Il est maintenant possible d’identifier les contradictions structurelles du New Labour qui explosèrent de manière spectaculaire à l’été 2015. Le blairisme, à son apogée, représentait le triomphe parfait du néolibéralisme sous la forme de TINA. Mais sa domination conduisit à deux mouvements contraires : la démocratisation du parti pour des objectifs de légitimation et afin de s’assurer les ressources de volontaires ; la présence de mouvements contre l’austérité à l’extérieur du parti. Au même moment, l’absence de sa propre base de masse active le rendit vulnérable à des forces d’opposition. Leur émergence fut facilitée par les deux contre-tendances qui viennent d’être mentionnées. En outre, la profondeur de la domination du New Labour – en termes d’absence d’une alternative bien organisée – masquait la superficialité de son hégémonie, faisant que ses partisans se montrèrent incapables de contrer les menaces avant qu’il ne soit trop tard. Et la faiblesse des partis à la gauche du Labour en Angleterre, comparée à une grande partie des pays de l’Europe continentale et à l’Ecosse, est ce qui conduit à ce que les politiques opposées à l’austérité s’expriment au sein du Labour Party où, de tous les autres partis travaillistes [et « socialistes »], la néolibéralisation a progressé le plus profondément.
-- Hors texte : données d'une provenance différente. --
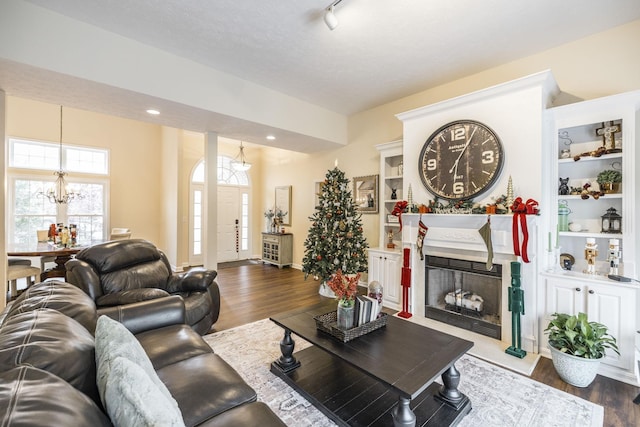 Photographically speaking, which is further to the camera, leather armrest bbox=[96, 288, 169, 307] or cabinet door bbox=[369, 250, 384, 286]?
cabinet door bbox=[369, 250, 384, 286]

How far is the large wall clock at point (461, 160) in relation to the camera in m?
3.15

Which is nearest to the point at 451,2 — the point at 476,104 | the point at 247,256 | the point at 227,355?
the point at 476,104

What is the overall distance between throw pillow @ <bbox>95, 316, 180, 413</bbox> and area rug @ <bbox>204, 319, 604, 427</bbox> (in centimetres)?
116

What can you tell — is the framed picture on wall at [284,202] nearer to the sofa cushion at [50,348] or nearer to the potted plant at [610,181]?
the potted plant at [610,181]

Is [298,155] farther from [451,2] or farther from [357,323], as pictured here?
[357,323]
La victoire de Corbyn [il a annoncé sa candidature en juin et a été élu le 12 septembre avec 59,5% des votes] n’était en aucune mesure inévitable. Il n’est pas difficile d’imaginer que l’un des députés du New Labour ait pu refuser de soutenir sa candidature [il faut que 15% des députés du Labour apportent leur soutien pour qu’un candidat puisse se présenter, dans ce cas il en fallait 35 et Corbyn reçut 36 soutiens] ; ou encore l’avoir soumise avec seulement quelques minutes de retard, ce qui aurait dès le départ exclu sa participation. Mais de tels aspects « accidentels » d’une victoire n’empêchent pas que des tendances plus profondes aient été à l’œuvre dans le Labour et la société. Elles sont aussi importantes pour saisir le paysage politique qui existe depuis que Corbyn est dirigeant du parti.
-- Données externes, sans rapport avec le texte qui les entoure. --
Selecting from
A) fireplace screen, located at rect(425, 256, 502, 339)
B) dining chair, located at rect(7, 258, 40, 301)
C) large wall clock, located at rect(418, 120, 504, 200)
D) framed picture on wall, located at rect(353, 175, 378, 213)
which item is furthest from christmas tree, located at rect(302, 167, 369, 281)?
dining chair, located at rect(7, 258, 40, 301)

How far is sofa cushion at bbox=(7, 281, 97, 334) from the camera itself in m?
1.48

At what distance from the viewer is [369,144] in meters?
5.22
La gauche contemporaine et les possibilités d’une nouvelle plateforme de gauche
Quelle est la situation politique face à laquelle se trouve la nouvelle direction Corbyn ? Aucune euphorie électorale ne peut dissimuler le fait élémentaire que Corbyn est dans une position extrêmement fragile au sein du parti. Le plus manifeste et évident est que plus de 90% des députés appartiennent d’une manière ou d’une autre au New Labour, ce qui reflète de longues années de domination du New Labour ; aucun dirigeant du parti dans l’histoire n’a débuté avec une aussi hostile fraction parlementaire, précisément parce que les députés possédaient une si forte part des suffrages aux élections de la direction. Alors que Corbyn appointait John McDonnell comme chancelier fantôme de l’Echiquier [6] et que son cabinet fantôme exclu des blairistes les plus « combatifs », la présence significative de personnalités du New Labour dans ce dernier était dans une certaine mesure inévitable.
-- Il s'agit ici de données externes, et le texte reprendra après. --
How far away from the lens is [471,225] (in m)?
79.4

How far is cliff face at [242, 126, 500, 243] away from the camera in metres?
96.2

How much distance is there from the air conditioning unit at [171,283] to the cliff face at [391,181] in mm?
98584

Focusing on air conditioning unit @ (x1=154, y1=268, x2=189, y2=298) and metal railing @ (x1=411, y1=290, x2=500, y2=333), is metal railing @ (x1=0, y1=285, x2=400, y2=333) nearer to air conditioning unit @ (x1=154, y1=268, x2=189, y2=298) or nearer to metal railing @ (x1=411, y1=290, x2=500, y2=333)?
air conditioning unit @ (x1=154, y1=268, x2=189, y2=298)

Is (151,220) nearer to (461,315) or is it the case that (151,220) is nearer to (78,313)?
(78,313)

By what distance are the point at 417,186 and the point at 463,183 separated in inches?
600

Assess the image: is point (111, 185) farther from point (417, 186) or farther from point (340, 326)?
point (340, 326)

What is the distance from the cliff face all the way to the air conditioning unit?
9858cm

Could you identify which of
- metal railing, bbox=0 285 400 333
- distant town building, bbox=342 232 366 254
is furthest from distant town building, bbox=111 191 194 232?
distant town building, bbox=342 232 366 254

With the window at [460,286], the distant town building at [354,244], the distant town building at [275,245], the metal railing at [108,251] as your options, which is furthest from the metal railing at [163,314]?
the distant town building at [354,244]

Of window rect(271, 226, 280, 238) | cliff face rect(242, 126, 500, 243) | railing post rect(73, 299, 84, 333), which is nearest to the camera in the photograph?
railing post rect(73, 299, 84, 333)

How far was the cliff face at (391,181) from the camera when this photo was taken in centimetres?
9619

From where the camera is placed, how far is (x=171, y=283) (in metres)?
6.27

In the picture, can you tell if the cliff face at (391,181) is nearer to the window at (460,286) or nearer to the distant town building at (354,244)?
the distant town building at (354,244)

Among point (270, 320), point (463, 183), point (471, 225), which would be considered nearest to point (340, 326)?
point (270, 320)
Les restes du New Labour peuvent sans cesse attaquer Corbyn, avec le soutien solide des médias bourgeois, du Daily Mail aux éditeurs du Guardian [quotidien situé à gauche dans l’éventail de la presse britannique]. Cela est combiné avec des menaces réelles ou supposées de fuite de capitaux et de désinvestissement. De telles attaques peuvent faire perdre au Labour des votes tels que les sondages « l’illustrent ». Ou encore, lors d’élections complémentaires qui, bien que les blairistes en soient les premiers responsables, des résultats électoraux négatifs peuvent, de suite, être utilisés contre Corbyn. Leur affirmation sur « l’inéligibilité » de Corbyn ]au poste de Prmeier ministre] s’appuie en effet sur leur propre capacité et volonté de saper son éligibilité au moyen des attaques internes au parti.
Une telle déstabilisation fournira une opportunité aux forces du New Labour pour tenter de tuer le corbynisme, que cela soit au moyen d’un coup interne ou au moyen de formes plus subtiles de cooptation.
L’état du parti au-delà de la fraction parlementaire (Parliamentary Labour Party, PLP) n’offre pas nécessairement un réconfort au corbynisme, même si la force du New Labour n’est nulle part aussi forte qu’au sein du PLP. Après tout, il s’agissait d’un parti toujours largement « New Labour » il y a encore quelques mois : le caractère subit de la poussée de Corbyn signifiait que les forces qui le soutenaient ont à peine pu être présente dans des structures du parti, même les CLP, par le passé bastions de la gauche. Le soutien à Corbyn dans les CLP était, en fait, bien plus faible que les votes réels qu’il a obtenus ; alors qu’il a réuni 59,5% des suffrages au total, parmi les CLP qui ont soutenu un des candidats il n’a gagné que 39% des suffrages.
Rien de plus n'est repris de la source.